→ **YOUR INSTRUCTIONS**
All that belongs in the answer is the lines from the one containing "(L-R): Juan Pablo" to the end of the listing below, copied exactly, pictures excluded.

→ **DATASET CONTENT**
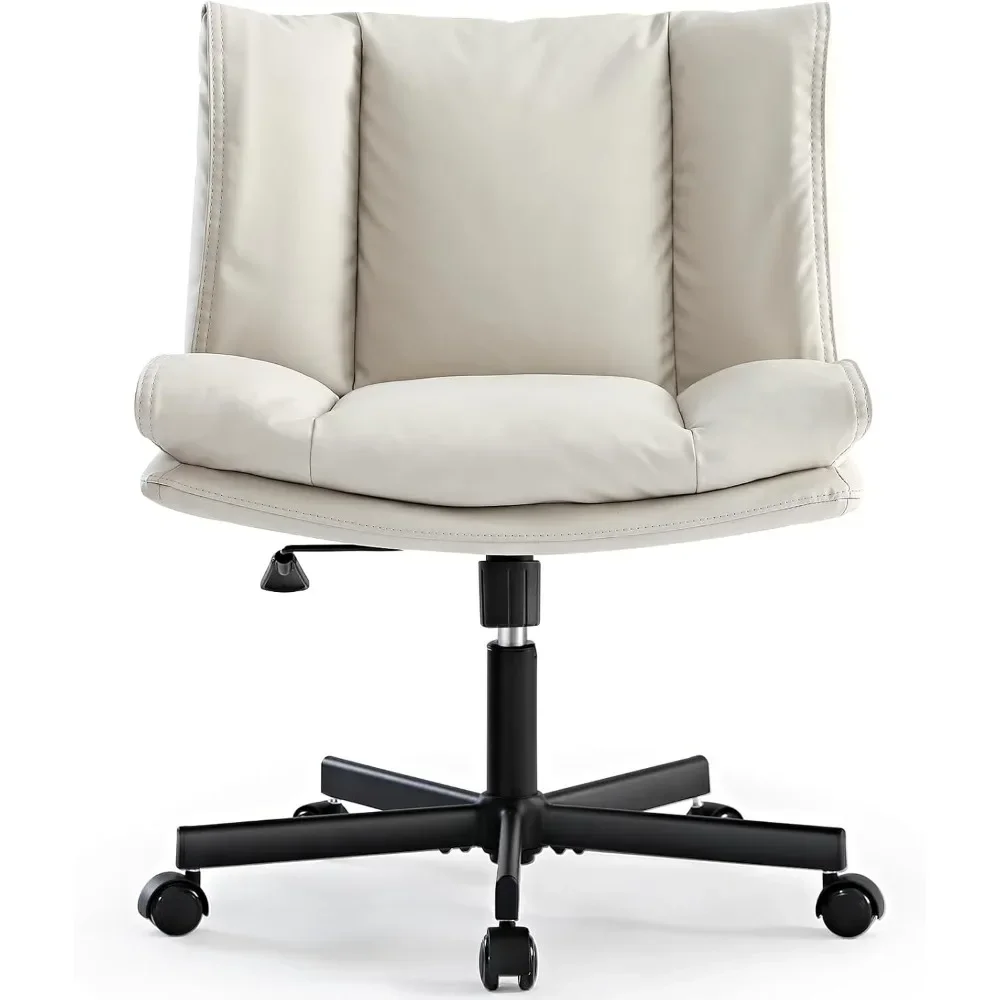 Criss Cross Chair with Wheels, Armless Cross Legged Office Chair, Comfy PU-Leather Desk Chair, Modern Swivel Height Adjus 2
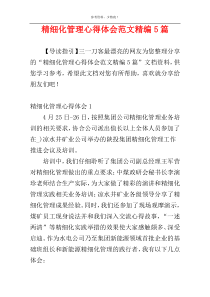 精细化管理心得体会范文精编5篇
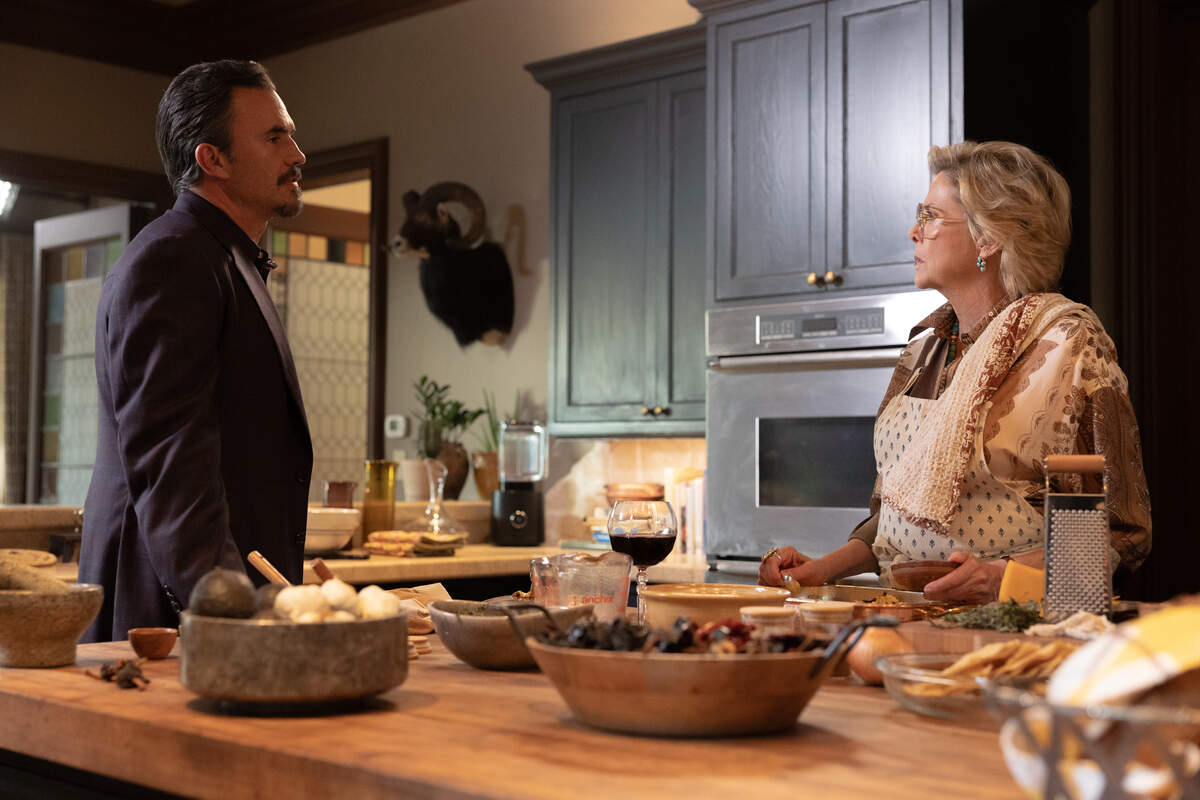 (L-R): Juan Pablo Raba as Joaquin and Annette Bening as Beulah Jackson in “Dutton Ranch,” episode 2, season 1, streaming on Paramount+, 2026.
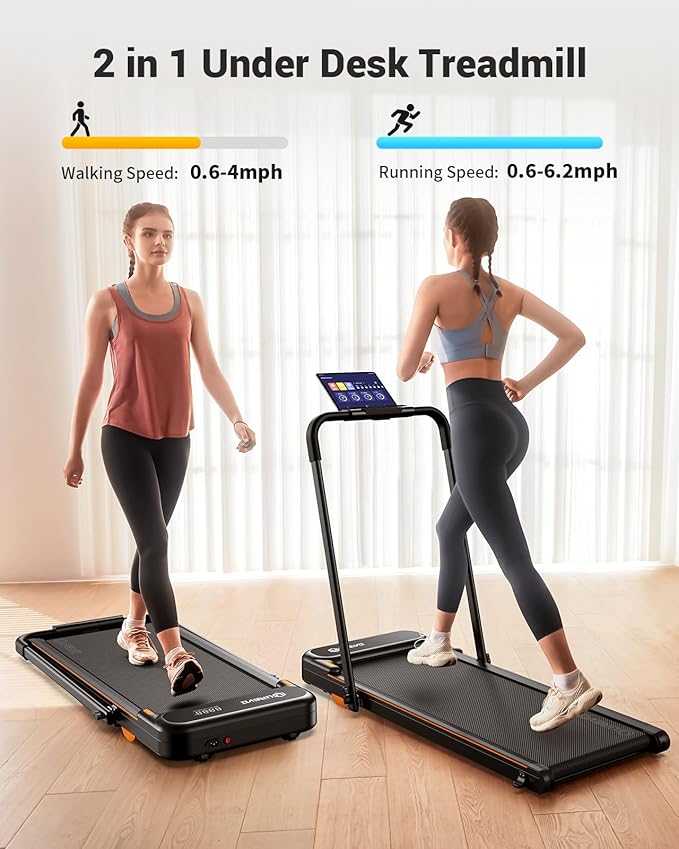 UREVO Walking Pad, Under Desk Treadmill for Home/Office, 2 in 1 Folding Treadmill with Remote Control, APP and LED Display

→ **TASK RESPONSE**
 (L-R): Juan Pablo Raba as Joaquin and Annette Bening as Beulah Jackson in “Dutton Ranch,” episode 2, season 1, streaming on Paramount+, 2026.
 UREVO Walking Pad, Under Desk Treadmill for Home/Office, 2 in 1 Folding Treadmill with Remote Control, APP and LED Display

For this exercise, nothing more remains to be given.